On July 4 of 2012, we all watched with suspense for the outcome of one of the biggest and most expensive experiments in the history of science: the discovery of the Higgs Boson at the Large Hadron Collider at CERN in Switzerland. What many of us were not aware of at the time was that an entire generation of physicists were hanging in there to see whether their careers had been in vain.
David Kaplan was one of those physicists. A professor of particle physics at Johns Hopkins University, he knew what was at stake. Fortunately for us, four years prior to that big day, Kaplan had the foresight and creativity to team up with another physicist, Mark Levinson, to document the historic discovery.
Particle Fever is the result of their collaboration, a stunningly beautiful documentary now in theaters. I cannot recommend the film highly enough to our audience. True, the film is about physics, not biology. But the theme of doing science at the highest level rings out for a hundred minutes, offering inspiration, explanation, and stunning images.
“Imagine being able to watch as Edison turned on the first light bulb,” says the film's website.
Official Trailer "Particle Fever"
I read the write-ups on the discovery of the Higgs back in 2012, but I was unaware of just how much was hanging on finding the particle. As the film explains, the Higgs boson lies at the center of what’s called the “standard model” of physics. Without the Higgs, our current understanding of physics would come unraveled.

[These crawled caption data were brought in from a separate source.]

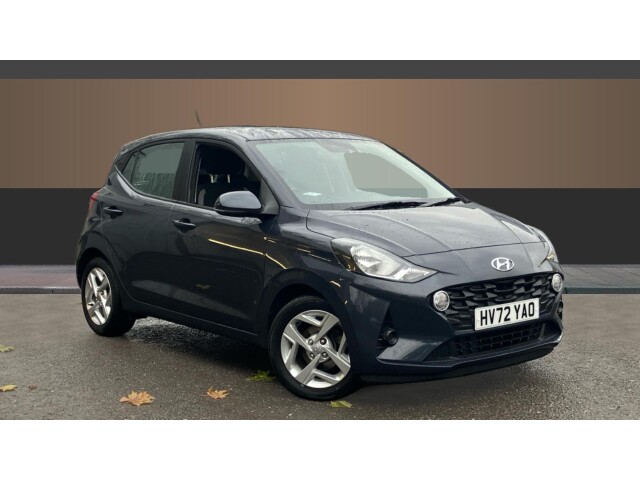 Main listing image - Hyundai i10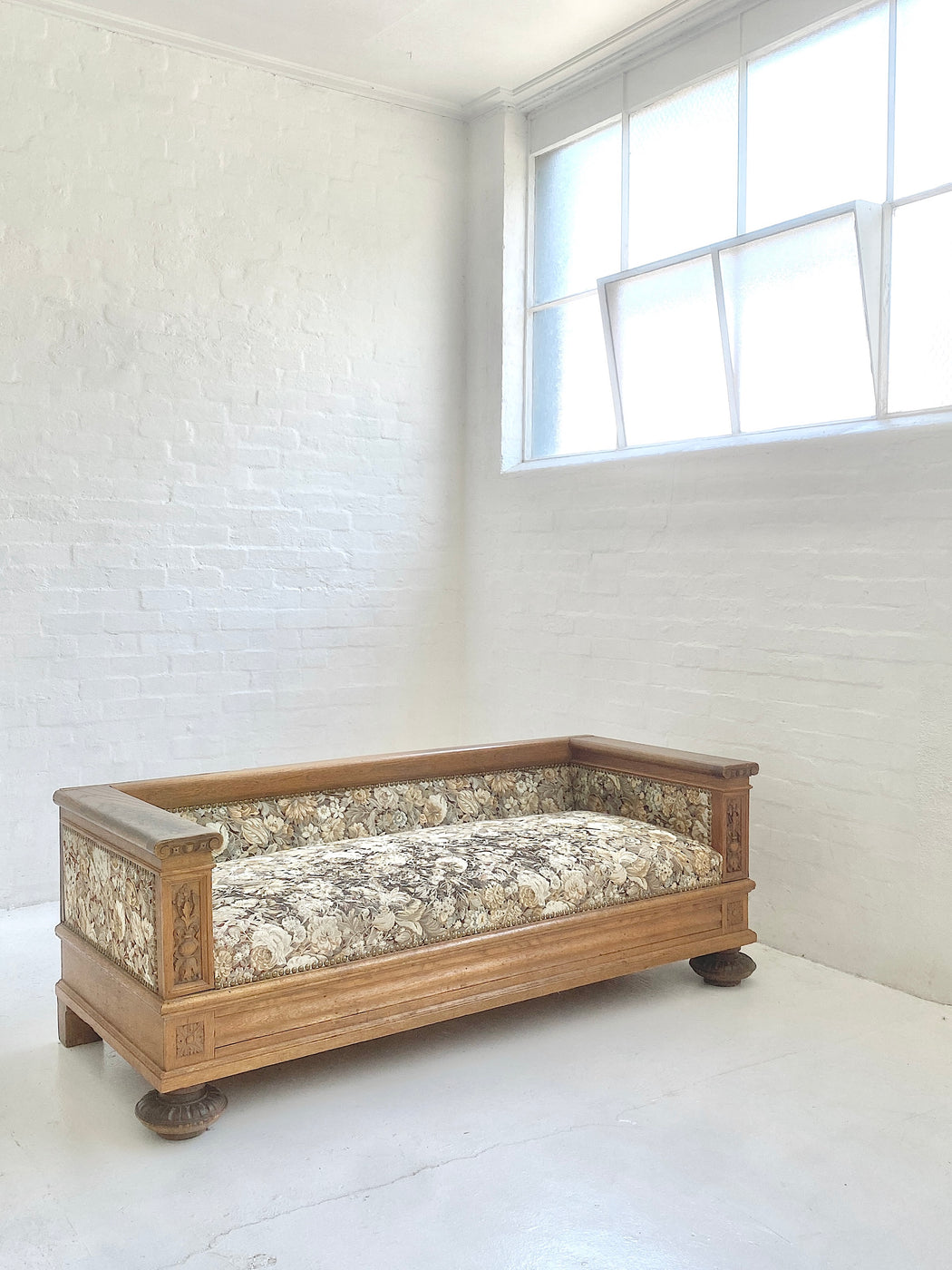 Antique European Sofa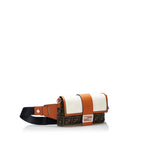 Fendi Zucca Convertible Belt Bag (SHG-1PjgDa)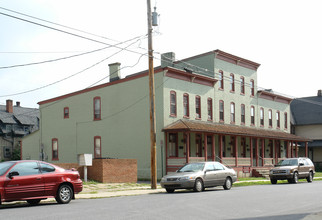 1060-1070 Vine Ave in Williamsport, PA - Building Photo - Building Photo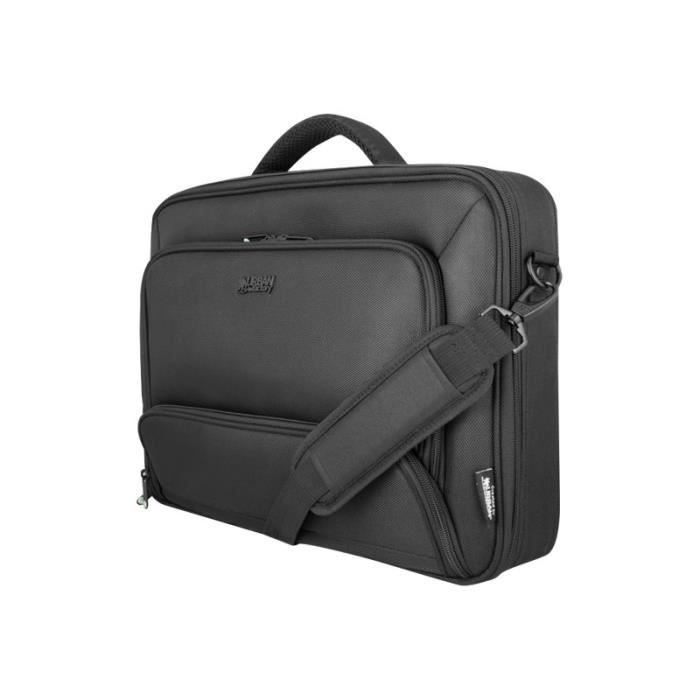 Urban Factory MIXEE Clamshell Case Sacoche pour ordinateur portable 15.6- noir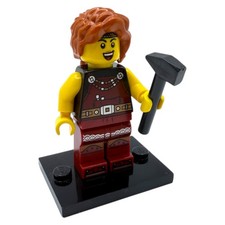 LEGO® MOC Minifigure Viking
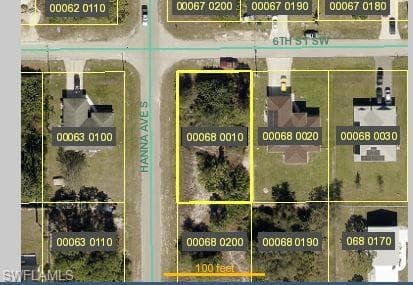 2727 6th ST SW LEHIGH ACRES, FL 33976
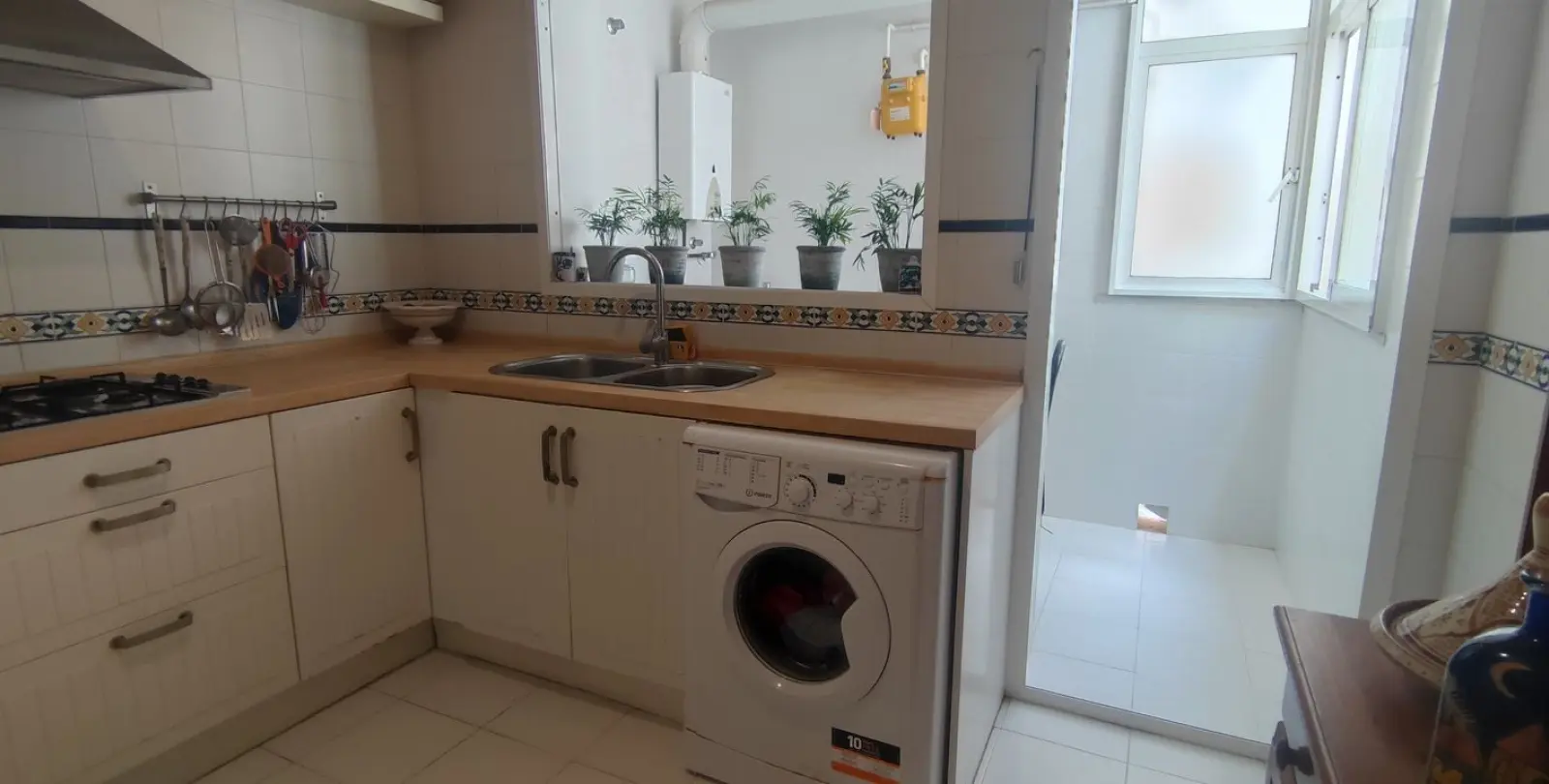 Sale of penthouse in Limonar 7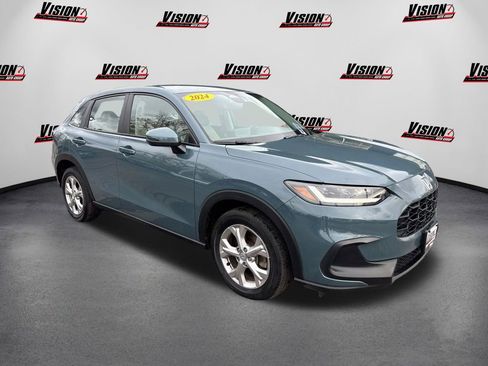 Used 2024 Honda HR-V LX image 3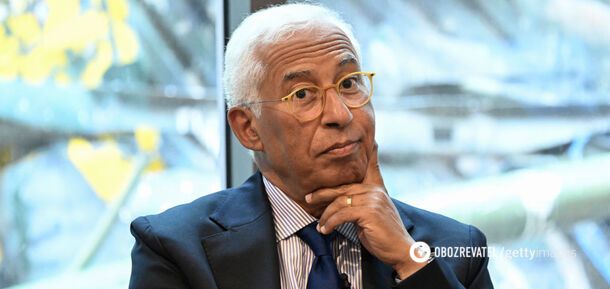 President of the European Council: Only Ukraine will decide when to start peace talks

Many of the themes we see in biology are present here as well. How much money should be spent to pursue basic science? What is the goal of such science?
One particularly satisfying scene was a talk by Kaplan at the Aspen Institute promoting and explaining the work at CERN. After his talk, Kaplan takes questions. An economist in the audience asks what will be the monetary reward in finding the Higgs boson. Kaplan replies, “perhaps none. But it might just lead us to understand everything.”
The film features real time interviews with six physicists, some working at CERN, others following from their classrooms. There is enough explanation and a terrific array of animations and illustrations to bring us deeply into the world of these physicists and see just what was at stake.
I was struck by the pure poetry that came from these scientists as they attempt to explain physics and how far our species has gone in defining and understanding our universe.
One of the star players in the film is Savas Dimopolous, a professor at Stanford. In an unscripted interview typical of the film he explains how mathematics has enabled humans to go great lengths in answering the fundamental questions of life.
“With mathematics,” he says, “it’s as though Nature is whispering to us.”
The documentary delivers a drama and plot as thick as any Hollywood action flick. For not only was the whole world watching to see whether the Higgs was there, there was another question, how much mass would the particle have.
Whether the particle would be light or heavy has vast implications into the future of the study of physics and our understanding of the universe. On the one hand, a light particle indicates a “supersymmetry” in the universe where all elementary particles are related. This theory shows a certain beautiful connectedness in the universe and teases us to go on discovering particles. On the other hand, a heavy Higgs boson indicates a multiverse situation, where constants in one universe may differ drastically and randomly from the constants in another universe. If this is the case, the study of physics may be at an end, as we cannot go into other universes to discover new particles.
10,000 scientists from over 100 countries engaged in the single pursuit of the Higgs boson. Going into the film, we already know that the particle will be found. But we’re on the edge of our seats as the implications of the discovery unfold. Nature, herself, offers the finest of plots.